Możesz uczęszczać do niej nie wychodząc z domu - to jeden z wielu plusów zapisania się na kurs wegańskiego pieczenia. Od teraz wasze wypieki będą zawsze udane i pyszne!
Szkoła pieczenia wegańskich słodkości
Szkoła nosi miano Physalis i założyło ją dwóch cukierników - Sabina Hambarava i Alexey Korotkevich. Na stronie szkoły piszą: "Veganism becomes a luxury with Physalis" ("Weganizm staje się luksusem z Physalis"). I rzeczywiście, patrząc na eleganckie, finezyjne wypieki trudno uwierzyć, że są w 100% wegańskie.
Do tego Hambarava i Korotkevitch postanowili całkowicie zrezygnować z dodatku sztucznych barwników czy oleju palmowego. Piękne słodkości mają być zdrowe, wykonane ww 100% z naturalnych składników. Założeniem szkoły jest też dostępność - dla wszystkich, z każdego miejsca na świecie. Oczywiście znacznie ogranicza ją cena kursu. 9-tygodniowy kurs pieczenia kosztuje 1500 euro, można zapisać się na niego na stronie physalisvegan.com.

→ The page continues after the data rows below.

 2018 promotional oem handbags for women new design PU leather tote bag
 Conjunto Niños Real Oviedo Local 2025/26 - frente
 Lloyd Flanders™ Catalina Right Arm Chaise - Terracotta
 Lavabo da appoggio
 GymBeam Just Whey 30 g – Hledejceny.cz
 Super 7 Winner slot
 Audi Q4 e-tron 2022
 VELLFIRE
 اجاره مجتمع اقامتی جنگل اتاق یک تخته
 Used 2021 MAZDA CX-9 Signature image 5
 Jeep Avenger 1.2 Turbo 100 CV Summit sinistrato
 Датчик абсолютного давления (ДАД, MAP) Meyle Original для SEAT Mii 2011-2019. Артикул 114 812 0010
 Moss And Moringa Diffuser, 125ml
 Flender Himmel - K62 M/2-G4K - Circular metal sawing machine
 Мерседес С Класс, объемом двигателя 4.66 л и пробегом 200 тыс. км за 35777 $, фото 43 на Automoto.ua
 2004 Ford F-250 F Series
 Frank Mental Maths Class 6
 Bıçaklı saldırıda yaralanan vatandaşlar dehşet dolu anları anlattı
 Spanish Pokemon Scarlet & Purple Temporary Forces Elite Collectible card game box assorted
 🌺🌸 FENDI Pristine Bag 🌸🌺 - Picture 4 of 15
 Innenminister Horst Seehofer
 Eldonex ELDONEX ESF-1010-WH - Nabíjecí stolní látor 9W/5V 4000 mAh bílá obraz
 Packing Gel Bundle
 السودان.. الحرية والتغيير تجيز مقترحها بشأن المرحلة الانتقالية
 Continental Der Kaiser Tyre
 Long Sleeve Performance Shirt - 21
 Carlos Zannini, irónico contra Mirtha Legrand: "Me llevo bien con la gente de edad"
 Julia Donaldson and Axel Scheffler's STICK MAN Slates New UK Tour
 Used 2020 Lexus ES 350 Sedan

Za te pieniądze specjaliści nauczą was jak piec ciasta i makaroniki, a nawet w jaki sposób stworzyć "lustrzaną", błyszczącą polewę. Twórcy szkoły chcą udowodnić, że da się stworzyć nowoczesne wypieki bez używania składników odzwierzęcych. Dzięki temu przełamują stereotypy, a wszyscy amatorzy pieczenia, zarówno profesjonaliści, jak i domowi cukiernicy mogą poszerzyć swoją wiedzę i stworzyć desery, które zachwycają.